Back then I used ubench or unixbench, compiled the same sources with the same compiler on both systems (gcc x.y.z)  with the same compiler flags.
What I found was that it was quite a lot slower than a Debian image. Also, the board ran a lot hotter and consumed more power.

I suggest doing the same, testing out with a benchmark program to see where the difference lies. Of course, if it's GUI related it might be a GPU driver issue, so you'll have to run a graphical benchmark as well.


----------



## trev (Feb 1, 2019)

malavon said:


> Also, the board ran a lot hotter and consumed more power.



powerd(8) is your friend in this case.


----------



## Spartrekus (Feb 1, 2019)

kpedersen said:


> I tried it a long time ago but I noticed FreeBSD to be quite a bit slower.



What could be the possible reason?Software for hardware / Kernel of FreeBSD?


----------



## malavon (Feb 1, 2019)

trev said:


> powerd(8) is your friend in this case.


I thought that too, but it didn't work out that way. Can't say what the issue was though, I never investigated. Not saying it's still the case either (but I haven't tested recently).
If I find the time I'm going to see if the same issue still persists.


Spartrekus said:


> What could be the possible reason?Software for hardware / Kernel of FreeBSD?


Everything from this line on is *speculation* of reasons that could explain this, so don't take it as fact.
It might be that:

Clang's ARM support isn't as good as GCC's (for kernel and userland compilation)
The benchmark program is written with linux-isms (unlikely for ubench though)
CPU support isn't as complete as it is on Linux. e.g. Linux's AM3358 (the processor on the BBB) support is written by TI itself.
ARM Kernel code is better/more performant on Linux than it is on FreeBSD. I  wouldn't be surprised if that were the case since the kernel is probably heavily optimized by Android people.
and much more that I didn't think of


----------



## Spartrekus (Feb 1, 2019)

malavon said:


> I thought that too, but it didn't work out that way.
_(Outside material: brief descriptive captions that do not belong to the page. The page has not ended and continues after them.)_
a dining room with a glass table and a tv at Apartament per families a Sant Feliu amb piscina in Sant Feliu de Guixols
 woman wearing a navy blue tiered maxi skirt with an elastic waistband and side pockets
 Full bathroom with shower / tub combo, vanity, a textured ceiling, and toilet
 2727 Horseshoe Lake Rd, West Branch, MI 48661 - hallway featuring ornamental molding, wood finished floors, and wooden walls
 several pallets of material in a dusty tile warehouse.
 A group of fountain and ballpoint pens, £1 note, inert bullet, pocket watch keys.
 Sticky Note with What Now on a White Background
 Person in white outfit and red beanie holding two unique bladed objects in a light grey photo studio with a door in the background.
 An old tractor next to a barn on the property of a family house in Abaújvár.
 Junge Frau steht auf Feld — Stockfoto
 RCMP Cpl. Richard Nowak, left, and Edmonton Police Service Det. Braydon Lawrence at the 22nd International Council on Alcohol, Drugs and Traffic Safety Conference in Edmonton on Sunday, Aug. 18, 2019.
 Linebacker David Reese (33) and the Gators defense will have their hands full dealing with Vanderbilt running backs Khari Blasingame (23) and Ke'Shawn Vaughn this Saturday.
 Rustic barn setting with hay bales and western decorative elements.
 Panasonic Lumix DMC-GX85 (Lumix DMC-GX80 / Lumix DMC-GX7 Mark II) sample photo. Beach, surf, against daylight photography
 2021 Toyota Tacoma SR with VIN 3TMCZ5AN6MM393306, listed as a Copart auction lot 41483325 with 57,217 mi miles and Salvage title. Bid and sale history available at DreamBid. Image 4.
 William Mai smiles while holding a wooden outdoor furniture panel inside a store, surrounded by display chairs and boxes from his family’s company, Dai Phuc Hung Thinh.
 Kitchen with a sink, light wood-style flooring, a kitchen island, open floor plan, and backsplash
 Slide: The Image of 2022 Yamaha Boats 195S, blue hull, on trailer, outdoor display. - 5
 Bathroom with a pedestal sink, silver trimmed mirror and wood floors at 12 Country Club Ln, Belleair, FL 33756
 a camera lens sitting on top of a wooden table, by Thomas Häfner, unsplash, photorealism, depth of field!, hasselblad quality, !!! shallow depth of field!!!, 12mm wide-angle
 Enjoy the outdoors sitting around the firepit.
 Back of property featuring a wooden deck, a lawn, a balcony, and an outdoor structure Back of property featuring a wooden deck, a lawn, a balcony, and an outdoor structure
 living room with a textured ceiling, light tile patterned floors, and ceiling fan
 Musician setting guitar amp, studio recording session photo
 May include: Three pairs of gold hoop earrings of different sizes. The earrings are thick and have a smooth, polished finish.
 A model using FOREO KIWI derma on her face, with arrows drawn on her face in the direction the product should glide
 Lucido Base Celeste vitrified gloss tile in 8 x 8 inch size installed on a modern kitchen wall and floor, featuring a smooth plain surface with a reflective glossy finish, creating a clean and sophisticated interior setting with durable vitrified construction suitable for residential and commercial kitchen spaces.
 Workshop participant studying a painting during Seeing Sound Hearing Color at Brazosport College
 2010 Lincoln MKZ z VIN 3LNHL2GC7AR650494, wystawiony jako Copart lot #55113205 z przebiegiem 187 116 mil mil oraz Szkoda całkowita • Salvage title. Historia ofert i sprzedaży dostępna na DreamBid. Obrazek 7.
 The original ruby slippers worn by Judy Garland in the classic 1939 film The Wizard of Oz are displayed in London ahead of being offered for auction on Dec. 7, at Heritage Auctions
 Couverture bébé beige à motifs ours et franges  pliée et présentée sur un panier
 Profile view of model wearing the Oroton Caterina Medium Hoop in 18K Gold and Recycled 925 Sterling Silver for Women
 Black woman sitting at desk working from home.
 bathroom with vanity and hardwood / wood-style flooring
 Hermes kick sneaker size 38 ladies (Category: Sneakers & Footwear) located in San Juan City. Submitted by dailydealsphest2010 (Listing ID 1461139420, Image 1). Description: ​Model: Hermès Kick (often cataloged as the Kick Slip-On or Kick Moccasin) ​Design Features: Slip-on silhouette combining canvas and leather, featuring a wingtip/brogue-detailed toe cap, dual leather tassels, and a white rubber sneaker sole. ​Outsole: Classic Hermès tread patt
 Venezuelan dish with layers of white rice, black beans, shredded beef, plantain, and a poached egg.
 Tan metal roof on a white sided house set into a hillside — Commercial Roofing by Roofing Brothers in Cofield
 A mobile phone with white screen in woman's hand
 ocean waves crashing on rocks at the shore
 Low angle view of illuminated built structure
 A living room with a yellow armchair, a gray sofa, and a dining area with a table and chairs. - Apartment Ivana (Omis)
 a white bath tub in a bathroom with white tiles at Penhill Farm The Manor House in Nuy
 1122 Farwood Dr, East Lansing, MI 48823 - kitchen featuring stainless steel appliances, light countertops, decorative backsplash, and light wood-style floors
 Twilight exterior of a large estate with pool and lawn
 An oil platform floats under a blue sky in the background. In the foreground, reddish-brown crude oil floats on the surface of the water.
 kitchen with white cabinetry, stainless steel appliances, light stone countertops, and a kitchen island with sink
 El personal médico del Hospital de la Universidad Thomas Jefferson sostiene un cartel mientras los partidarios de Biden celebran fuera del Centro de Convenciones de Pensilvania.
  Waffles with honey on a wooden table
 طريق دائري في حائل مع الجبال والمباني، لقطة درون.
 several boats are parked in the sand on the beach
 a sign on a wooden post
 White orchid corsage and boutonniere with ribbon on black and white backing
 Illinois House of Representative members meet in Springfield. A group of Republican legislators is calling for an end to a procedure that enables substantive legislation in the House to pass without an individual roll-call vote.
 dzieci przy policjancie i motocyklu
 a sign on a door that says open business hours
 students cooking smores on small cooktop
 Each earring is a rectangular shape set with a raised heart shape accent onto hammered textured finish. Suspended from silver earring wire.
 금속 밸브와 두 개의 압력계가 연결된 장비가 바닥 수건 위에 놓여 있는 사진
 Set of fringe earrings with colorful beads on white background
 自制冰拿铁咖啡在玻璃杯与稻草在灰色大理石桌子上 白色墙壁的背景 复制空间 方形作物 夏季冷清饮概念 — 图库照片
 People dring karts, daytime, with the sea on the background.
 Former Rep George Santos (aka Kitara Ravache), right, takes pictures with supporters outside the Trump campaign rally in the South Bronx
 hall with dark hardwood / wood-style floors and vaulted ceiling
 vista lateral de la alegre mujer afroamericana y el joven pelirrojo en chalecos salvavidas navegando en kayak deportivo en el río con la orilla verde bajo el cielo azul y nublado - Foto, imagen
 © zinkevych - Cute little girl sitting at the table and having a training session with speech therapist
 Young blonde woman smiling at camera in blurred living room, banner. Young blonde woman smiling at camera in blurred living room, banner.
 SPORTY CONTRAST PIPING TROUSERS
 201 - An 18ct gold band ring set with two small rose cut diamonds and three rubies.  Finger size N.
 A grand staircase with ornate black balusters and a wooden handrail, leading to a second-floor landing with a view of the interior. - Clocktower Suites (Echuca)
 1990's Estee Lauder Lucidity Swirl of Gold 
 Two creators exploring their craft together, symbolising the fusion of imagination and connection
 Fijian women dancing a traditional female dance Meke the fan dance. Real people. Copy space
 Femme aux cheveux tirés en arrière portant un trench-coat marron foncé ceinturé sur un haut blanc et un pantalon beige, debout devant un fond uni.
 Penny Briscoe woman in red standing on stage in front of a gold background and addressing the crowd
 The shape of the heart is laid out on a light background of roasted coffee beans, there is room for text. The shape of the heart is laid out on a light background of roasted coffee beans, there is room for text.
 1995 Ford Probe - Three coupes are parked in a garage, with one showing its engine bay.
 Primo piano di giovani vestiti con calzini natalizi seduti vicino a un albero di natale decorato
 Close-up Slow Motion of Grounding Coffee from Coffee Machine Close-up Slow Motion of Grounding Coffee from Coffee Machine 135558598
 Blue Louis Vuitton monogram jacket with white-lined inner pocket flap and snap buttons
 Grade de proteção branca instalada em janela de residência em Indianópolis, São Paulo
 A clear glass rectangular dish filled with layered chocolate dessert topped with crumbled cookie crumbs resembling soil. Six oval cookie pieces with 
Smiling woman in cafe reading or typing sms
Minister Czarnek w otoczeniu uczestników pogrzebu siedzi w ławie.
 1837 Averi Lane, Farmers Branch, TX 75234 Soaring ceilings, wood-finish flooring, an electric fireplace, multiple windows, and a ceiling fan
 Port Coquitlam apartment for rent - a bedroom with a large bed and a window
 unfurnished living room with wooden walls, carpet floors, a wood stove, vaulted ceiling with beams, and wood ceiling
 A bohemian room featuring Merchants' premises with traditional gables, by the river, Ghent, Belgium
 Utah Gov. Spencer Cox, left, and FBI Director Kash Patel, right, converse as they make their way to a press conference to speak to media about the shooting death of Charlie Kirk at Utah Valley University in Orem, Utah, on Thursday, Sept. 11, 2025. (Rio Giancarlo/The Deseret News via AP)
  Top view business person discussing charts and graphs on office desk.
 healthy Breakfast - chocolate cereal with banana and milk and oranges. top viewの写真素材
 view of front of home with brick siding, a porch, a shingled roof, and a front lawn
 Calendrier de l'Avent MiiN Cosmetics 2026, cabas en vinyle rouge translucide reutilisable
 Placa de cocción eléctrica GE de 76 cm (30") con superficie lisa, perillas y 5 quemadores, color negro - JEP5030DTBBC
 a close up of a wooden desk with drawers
Can't say what the issue was though, I never investigated. Not saying it's still the case either (but I haven't tested recently).
> If I find the time I'm going to see if the same issue still persists.
> 
> Everything from this line on is speculation of reasons that could explain this, so don't take it as fact.
> ...



In all cases, by definition, clang and gcc are less ideal 

So actually kernel of FreeBSD would be issue.

Actually, I am not so sure that kernel for x86 is that good either.

I see however good perfs on Apple(s) and PS4 


CPU support  is actually a drawback there, surely.


----------



## malavon (Feb 1, 2019)

Spartrekus said:


> So actually kernel would be issue.


I really need to point out that I was just summing up possibilities. Not saying that I know what the issue is, neither saying that the kernel is the issue.
Don't take it as fact.


----------